I scrutinise the carriage in detail. These units have two bicycles mounted on a solid wooden plank. The front wheels of the bikes are taken out and replaced by small iron wheels that keep the entire carriage on the tram track. They run on batteries which are dually powered. One by the modified bikes’ pedals — the faster you pedal, the faster the carriage moves. The other is an easier option of a button accelerator adjacent to the handles. There are two brakes instead of four — one for each rider. At the rear, a lower wooden seat with armrests can accommodate a pillion (across age and physical abilities).

Driving through the 'tunnel of love' in Fiji
Driving through the 'tunnel of love' in Fiji

Quite a feat

As I marvel at this piece of engineering, I cannot wait to pedal and explore a part of the existing 11-km stretch. The track which begins in the sugarcane factory runs through mangrove river banks, quiet villages, romantic ‘tunnel of love’ (a natural forest passage), rock cuttings, Fijian rainforests and scenic coasts of South Pacific Ocean. My Ecotrax experience will be one-third of the complete tour and not conclude on the beach.

My friend and I mount a bike each and familiarise ourselves with its features. Mandy points out the brakes on either sides, the buttoned accelerator and speedometer — “Try and keep it under 20,” she advises. Nitesh connects the detachable solar-powered battery in the front trolley and hops onto the pillion seat behind.

In the initial few metres, we align our communication and ourselves to this mini-coach on narrow tracks. From the concreteness of the factory, the tracks were soon flanked by forests. In a matter of minutes, I notice we are pedalling on a wooden bridge that runs parallel to and above water. My field of vision widens as the track becomes perpendicular to the river with mangroves beautifully rooted in it.

We speed up once we are back on earthy tracks, shaded by stout trees. After a two-km ride, Nitesh physically turns the carriage on the track while I photograph the sparsely populated village around us. The route appears to be lusher on our way back. A little before our arrival to the factory, we press the brakes on either sides to slow down and stop. I animatedly share my feedback with Mandy, who adds in, “Howie and I used to wonder if people think it’s as cool as we do.”

But coolness is not all that there is to an initiative like Ecotrax. “Our philosophy is in making something that is sustainable.” The de Vris couple enable local communities along the Ecotrax trail by creating micro-businesses. “We believe that this is their backyard and we are the visitors here. If we prosper, everyone along should prosper” — with that Mandy summarises the central idea of Ecotrax.

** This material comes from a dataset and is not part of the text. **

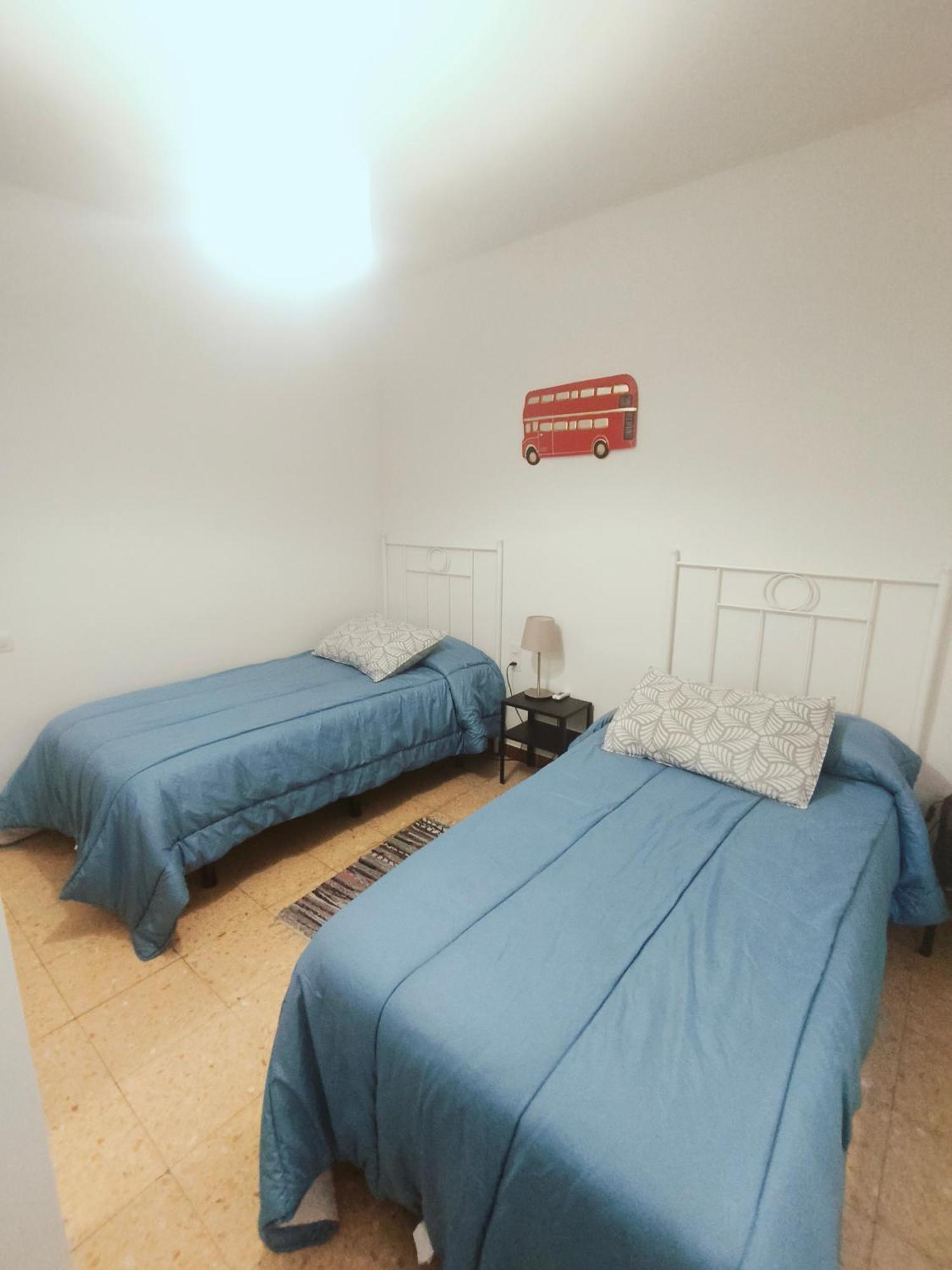 Apartamento Duplex Vacacional Arenys de Mar Luaran gambar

They work closely with the villagers of Malomalo in various sustainable projects. One such includes 25 women who grow fruits and sell it to the de Vris couple at market price, as refreshments for Ecotrax tours. The couple is also aiding in the upgradation of Malomalo’s kindergarten, and sponsoring jerseys and equipment to children who aspire to play rugby.

As we leave Ecotrax Station, we have all our answers pertaining to this sustainable venture. Ecotrax affirms my belief that nothing meaningful is ever achieved alone.